Drug addiction is a chronic, relapsing brain disease that results in major health, societal, and economic burdens. Understanding the biology of this disease is the best way to optimally design and develop effective treatments. Interactions among stress, negative mood states and drugs of abuse alter the chemistry and function of the brain such that drug addiction can develop in vulnerable individuals. Research in Dr.Chartoff’s lab focuses on the neurobiological mechanisms that connect these factors and lead to addiction, with a particular emphasis on opioid addiction.

The Chartoff lab investigates the molecular, biochemical, and cellular mechanisms underlying drug dependence and withdrawal using animal behavioral models with high relevance to the human condition. The lab includes both females and males in their studies because there is striking evidence, both clinically and preclinically, for sex differences in every facet of the addiction cycle.
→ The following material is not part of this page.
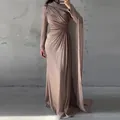 Elegante vestido de noche plisado de manga larga con detalles drapeados champán - Albaricoque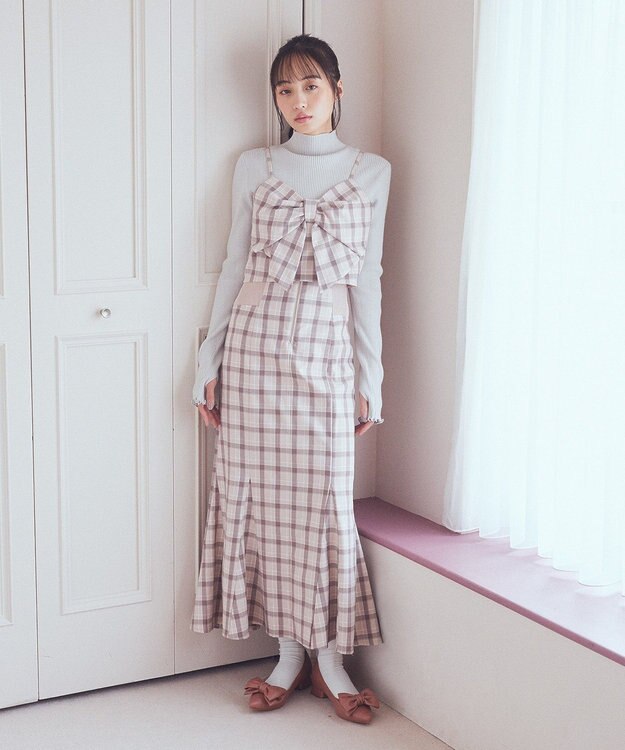 earth music&ecology 袖口刺繍リブニットプルオーバー Light Pink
The two primary lines of research in the lab are 1) understanding how the neuropeptide dynorphin mediates the link between stress, negative mood states, and addiction, and 2) understanding how excitatory glutamatergic transmission within select brain circuits is necessary for drug withdrawal-induced negative mood states, drug craving, and relapse. In the first line of research, we have shown that dynorphin is necessary for drug withdrawal-induced anhedonia, a hallmark sign of depression. Importantly, we have shown that males are significantly more sensitive than females to the anhedonic-like effects of dynorphin, suggesting that the neurobiological mechanisms underlying drug addiction are different between males and females. Our continuing efforts in this area include testing the ability of chemicals that block dynorphin function to reduce behavioral measures of addiction in our rodent models and parsing out the molecular and anatomical mechanisms for sex differences in dynorphin function. In the second line of research, we have shown that activation of AMPA glutamate receptors in the nucleus accumbens, a brain structure critical for reward function, is necessary for opioid withdrawal-induced negative affective states. Continuing efforts in this area are aimed at identifying the cellular, molecular, and neural circuit based mechanisms through which AMPA receptors are engaged to produce negative affective states and how this contributes to addictive behavior.

Together, these studies may lead to an increased understanding of the mechanisms underlying addiction. They also have broad implications for understanding basic brain mechanisms that control mood and motivated behavior.